Foreigners to Thailand often describe the ‘Buddhism’ here as a curious mix of superstition, animism and Buddhism, with the feeling that it is not ‘real’ Buddhism, but something tainted or corrupted.
The view is not exactly wrong. But there is a ‘but’.
Even the Buddha was seen to engage in what some people would call superstition. At one point he put his bowl into the river with the ‘Saccakiriya’ (a kind of resolution/wish) that the bowl float upstream if he was going to attain Enlightenment in that very lifetime. In fact, the bowl did float upstream, which mitigates his resolution under the Bodhi tree, where he determined that he would not raise from that seat until he had attained, even if his blood and bones were to turn to dust.
On the night of Enlightenment, the Buddha reportedly called on Darani the earth goddess to be witness to all the good deeds he had done in the past. After each deed he had poured water on the earth to symbolically share merits – a custom Thai’s still do in temples. This water pouring is a Brahmanic tradition, pre-dating Buddhism.
Other times he confirmed tree and air spirits, and many times taught about ghost realms. He also gave chants to the monks to ward off unpleasant influence.

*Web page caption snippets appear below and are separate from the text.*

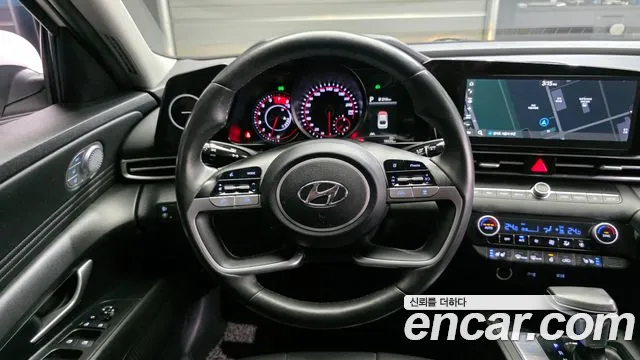 Hyundai AVANTE Avante (CN7) — Фото автомобиля 12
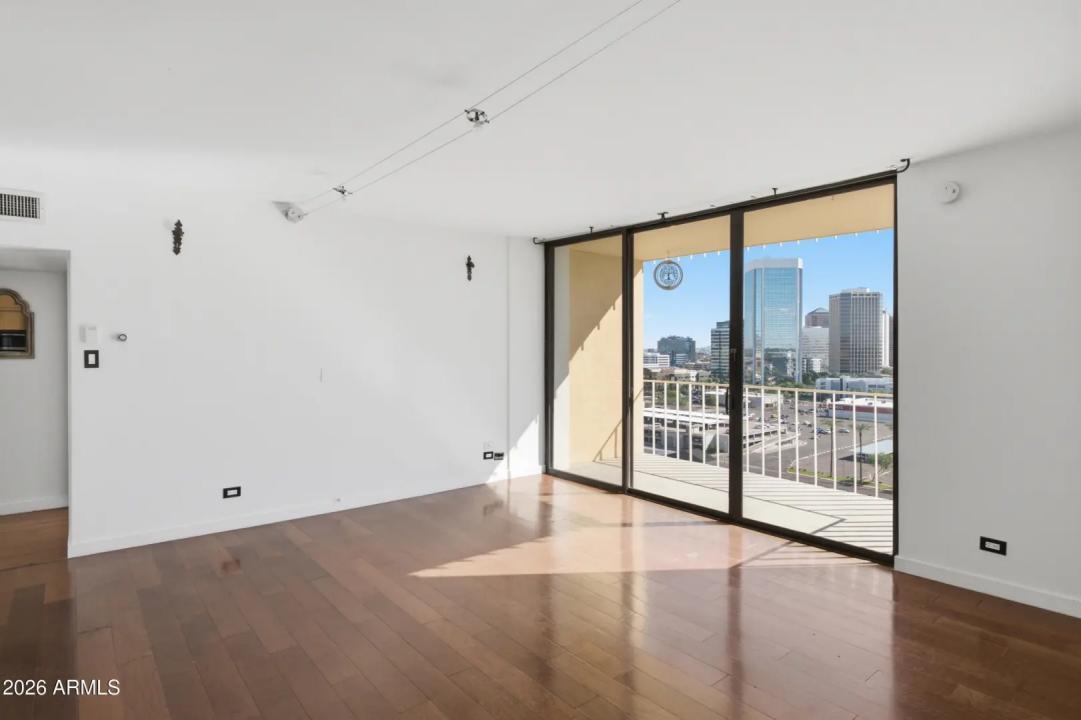 Real Estate Picture 6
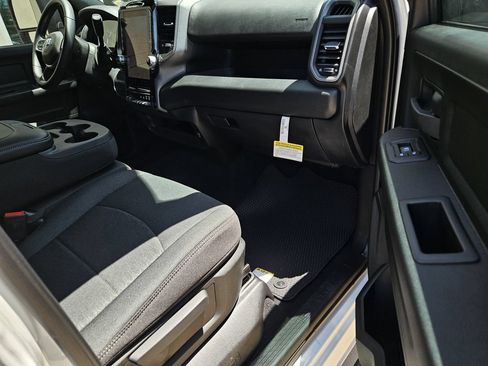 New 2026 RAM 2500 Tradesman AWD/4WD image 7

One example of this is the Metta Sutta – the chant that all Theravada monks memorise by heart in the original Pali. The monks had been having a hard time meditating. The Buddha told them there were some unfriendly devas in the area, and that by chanting the stanza it would resolve the situation. It worked too.

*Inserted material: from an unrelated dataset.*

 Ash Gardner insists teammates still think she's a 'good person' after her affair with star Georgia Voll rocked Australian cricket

Another chant was given to ward off attacks by animals – the 2 footed, 4 footed, many footed and the footless kind of animals.
In the Parinibbana Sutta, which documents the final days of the Buddha’s life, he tells the laypeople that they should respect, worship and maintain the local shrines, in order for their kingdom to last a long time.
It should be clear then that even ‘original’ Buddhism was full of aspects that are today condemned as being non-Buddhist. The religion grew up and was practised in a society that accepted many of these things as the norm. The monks even adopted many of the practises – such as the gatherings on the full and half moon days. The lines between superstition, animism and the tradition of Enlightenment were blurred right from the outset, and there is nothing wrong with this image.